Nel Distretto di Rimini prende avvio il progetto “Accoglienze notturne per persone con dipendenze attive e in condizione di grave marginalità”, un’iniziativa di 12 mesi che mette a disposizione cinque posti di accoglienza notturna per adulti in grave emarginazione, privi di sistemazione stabile e segnalati dai presidi sanitari territoriali. Alla segnalazione da parte del Pronto soccorso o del Servizio per le Dipendenze (SerD), un operatore raggiunge direttamente il presidio sanitario e accompagna la persona nella struttura di accoglienza, dove troverà un posto per pernottare, igiene personale, ristoro e un presidio educativo e relazionale. Quest’ultimo elemento è considerato qualificante: costruire un rapporto di fiducia con persone che presentano elevata fragilità e scarsa adesione ai percorsi di cura tradizionali è il presupposto per orientarle verso i servizi competenti (SerD, servizi sociali, strutture di accoglienza).
“L’intervento nasce per rispondere a una criticità concreta e documentata: la difficoltà di garantire una risposta immediata alle persone senza dimora che, in condizioni di uso attivo di alcol o sostanze, si trovano a non avere alcuna alternativa alla strada”, si spiega in una nota del Comune. I dati dicono che l’anno scorso, il centro servizi per il contrasto alla povertà ha accolto 284 persone, con 714 accessi ai servizi. Tra i centri di prima accoglienza, quello Caritas ha ospitato 353 persone per oltre 4.900 notti, il progetto Michel Roland ha accolto 235 persone in pronta accoglienza e 48 in percorsi di semi-autonomia. Ma tantissima pressione c’è anche sul Pronto soccorso.
Gli accessi notturni ripetuti al Ps - legati a stati di intossicazione, crisi acute o alla semplice necessità di un riparo - e le difficoltà nella fase di dimissione, in assenza di soluzioni abitative o reti di supporto, “generano un ciclo difficile da interrompere: ritorno immediato in strada e nuovi accessi a breve termine.

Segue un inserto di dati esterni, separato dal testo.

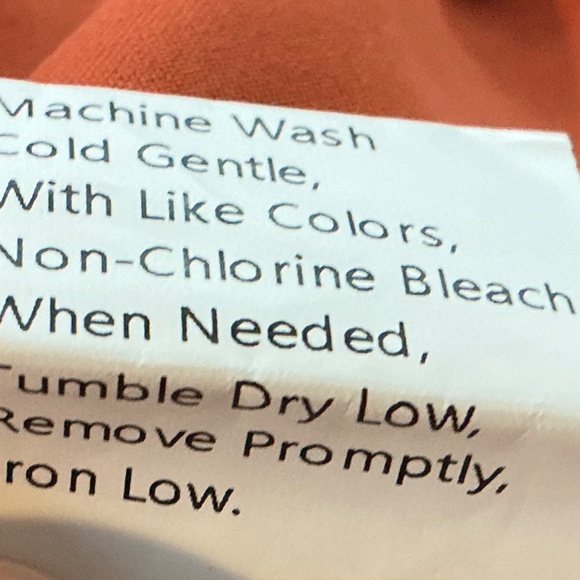 Fashion‎ Women XXL Cropped Top Flared Sleeves Keyhole Neck Peasant Boho Fall - Picture 9 of 9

A complicare ulteriormente il quadro, la presenza frequente di doppia diagnosi e la difficoltà strutturale di garantire continuità tra intervento sanitario e risposta territoriale. Il progetto intende spezzare questo ciclo”, dice dunque il Comune. Tra i risultati attesi figurano quindi la riduzione della pressione sul Pronto soccorso nelle ore notturne, il rafforzamento della collaborazione tra servizi sanitari, sociali e Terzo settore e una gestione più efficace delle situazioni di marginalità estrema. Il progetto, finanziato con 45.000 euro, individuerà il soggetto attuatore tramite procedura di coprogettazione pubblica, “valorizzando le esperienze già radicate sul territorio”. E’ previsto un monitoraggio semestrale per verificare i risultati e valutare l’eventuale prosecuzione oltre il periodo iniziale.